Nicole Lücke, die auch im Schulleitungsteam aktiv ist, freut sich über das Engagement der Schülerinnen in dem Projekt. „Am Anfang stand in den Videos der Schülerinnen das Homeschooling erstmal nicht so im Vordergrund. Klar, man muss sich erstmal auf die neue Situation einstellen“, sagt sie. „Wir standen aber im Austausch. Und nach und nach konzentrierten sich die drei dann auch mehr auf schulische Dinge.“Die Rückmeldung darüber, wie die Homeschooling- Angebote der Schule bei den Schülern ankommen, sei der Schule sehr wichtig.
Viele Schulen nutzen nur ein asynchrones Lernangebot, so Lücke. Es sei toll zu sehen, dass die Videokonferenzen auch gut bei den Schülern ankommen. „Das Kollegium ist wirklich zufrieden mit dem Konzept. In der Schule haben wir uns schnell auf die neue Situation eingestellt, uns systematisch fortgebildet – wir kennen uns mittlerweile gut mit den digitalen Möglichkeiten aus“, berichtet sie. „So etwas sollte heute ja auch einfach zu den Kompetenzen eines Lehrers dazugehören.“Man sei jetzt viel besser vorbereitet als beim ersten Lockdwon im Frühjahr.
Manchmal sei es aber doch auch schwer, die Motivation bei allen Beteiligten hochzuhalten. Gerade, wenn Verbindungsprobleme die Sache erschweren. Der Videokonferenzdienst Big Blue Button, den die Schule nutzt, wird über das Rechenzentrum des Landes NRW gehostet und ist deshalb konform mit dem Datenschutz. In den Haupt-Schulzeiten zwischen zehn und zwölf Uhr ist der Server aber oft überlastet, weil viele Schulen gleichzeitig online sind. Dann kann man zum Beispiel nur ohne Video telefonieren oder wird immer wieder aus dem Meeting gekickt. Trotz mancher Probleme zeigt die Schule sich generell positiv: Man sei stolz auf das, was man schon geschafft habe.
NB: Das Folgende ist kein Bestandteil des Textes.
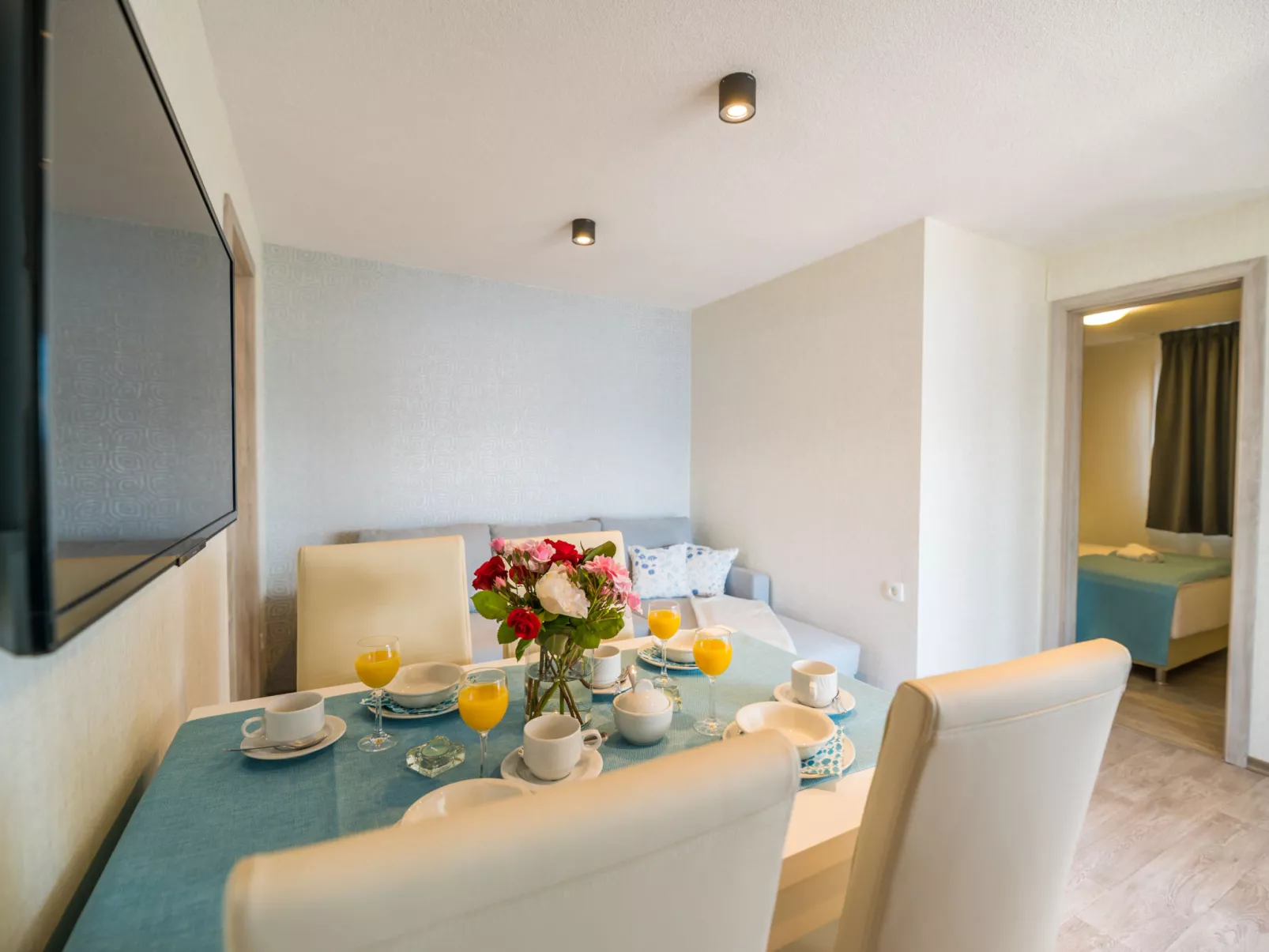 Sea side mobile home-Binnen
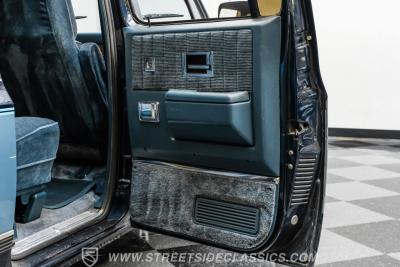 1990 GMC Suburban SLE 4x4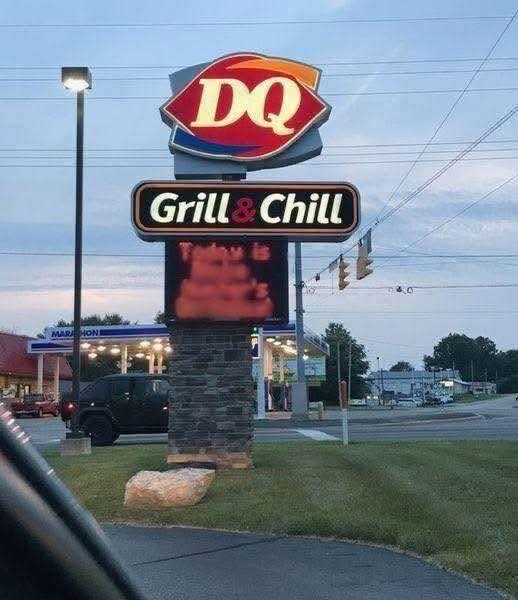Wisconsin Dairy Queen’s Holiday Sign Sparks National Conversation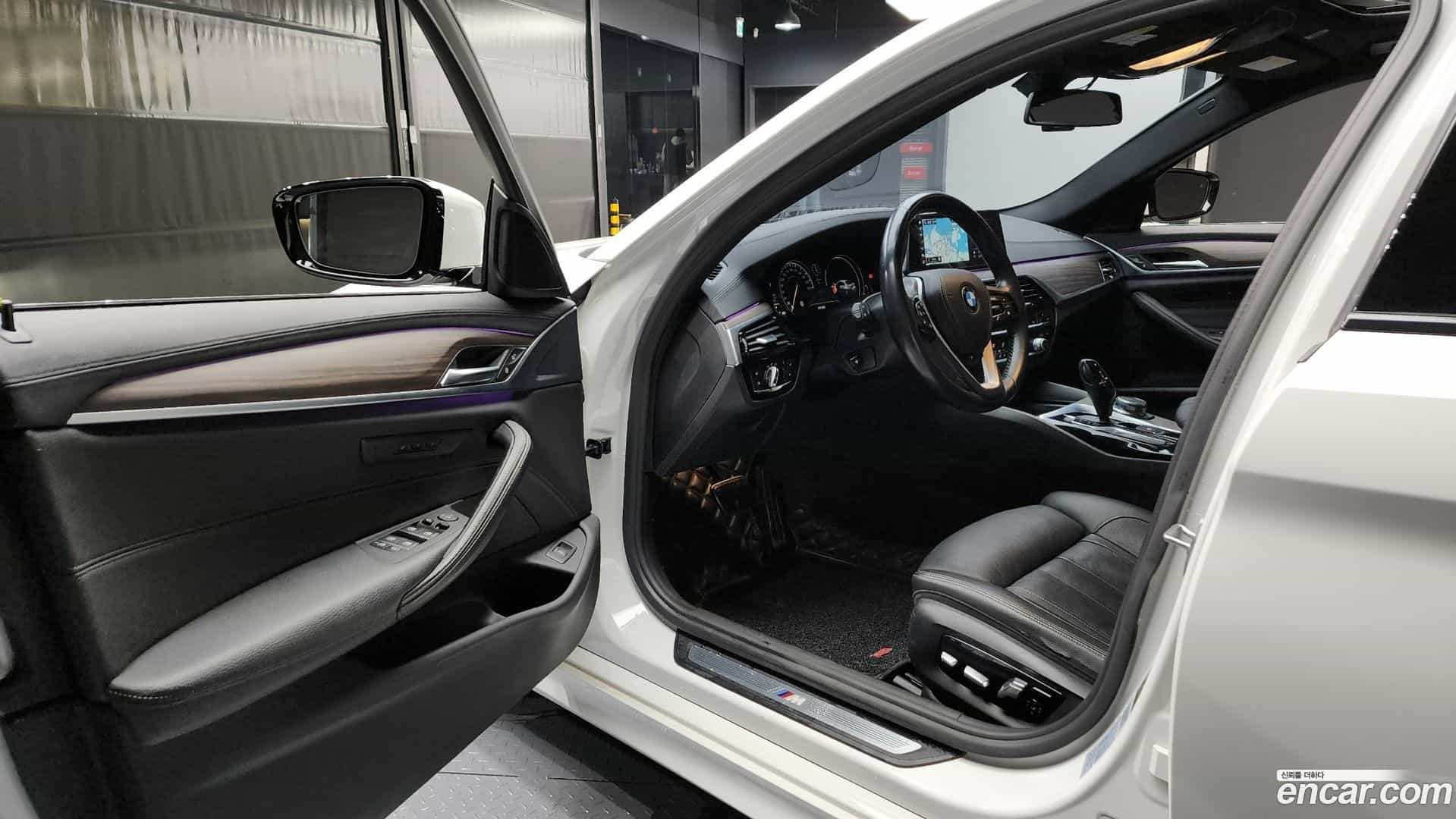 5-Series BMW 2017.8-INNER-010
Die Anpassung an zum Teil sehr kurzfristig angeordnete Maßnahmen seitens der Landesregierung und des Schulministeriums sei ein ständiger Lernprozess, in dem auch Situationen entstehen, an denen man wachsen könne.
Projekte wie das Tagebuch helfen zusätzlich dabei, den Kontakt mit Schülern zu halten, Rückmeldung einzuholen über Homeschooling-Methoden und vor allem auch die sozialen Interaktionen zu stärken. Und nebenbei lernen die Schüler auch noch Medienkompetenzen. Das Videotagebuch haben Zozan, Mathilda und Viola selbst geschnitten und bearbeitet. Die drei zeigen sich in einer Evaluation begeistert: Alle möchten gerne nochmal ein ähnliches Filmprojekt durchführen. „Auf jeden Fall werden wir filmische Projekte in Zukunft auch weiter in den Unterricht integrieren“, sagt Frau Lücke. Die Schule habe vor, Angebote in diesem Bereich noch weiter auszubauen: Ein Filmraum mit Greenscreen-Technik und Tools zum Bearbeiten und Schneiden ist schon in Planung. Für Viola, Zozan und Mathilda, die am Ende des Videotagebuchs wieder glücklich mit Maske vor der Schule stehen, sind das bestimmt tolle Aussichten für die Oberstufe – aber zunächst einmal muss der nächste Lockdown überstanden werden. Wie das geht, haben sie in ihrem Videotagebuch ja schon gezeigt.